● Work to complete
Would you return the data below exactly as it stands, with every picture left out?

● Data shown
◇ ◇ ◇ ◇ ◇ ◇ ◇
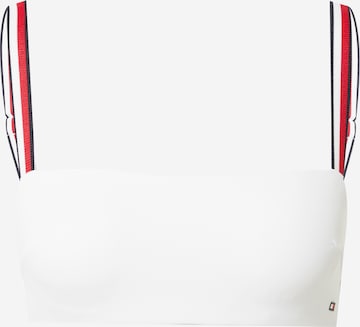 Tommy Hilfiger Underwear Bandeau Bikinitop in Wit: voorkant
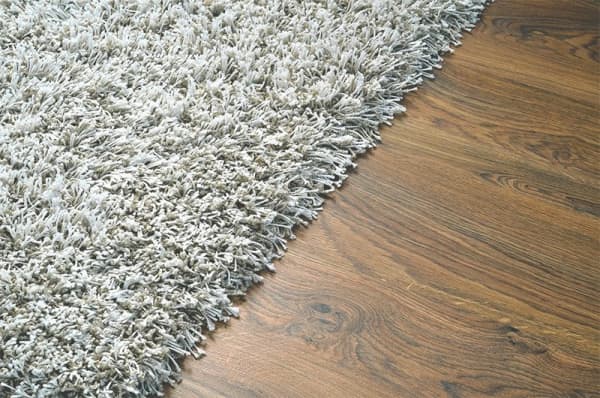 Teppich auf Boden in Holzoptik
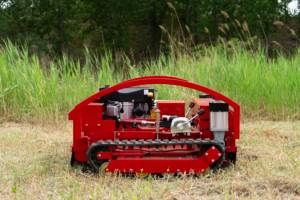 1300mm切断幅ダブルデザインブレードMordenスタイルトラックリモートコントロール360回転より大きなロボット芝刈り機草カッター - Product Image 4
◇ ◇ ◇ ◇ ◇ ◇ ◇
● The answer
 Tommy Hilfiger Underwear Bandeau Bikinitop in Wit: voorkant
 Teppich auf Boden in Holzoptik
 1300mm切断幅ダブルデザインブレードMordenスタイルトラックリモートコントロール360回転より大きなロボット芝刈り機草カッター - Product Image 4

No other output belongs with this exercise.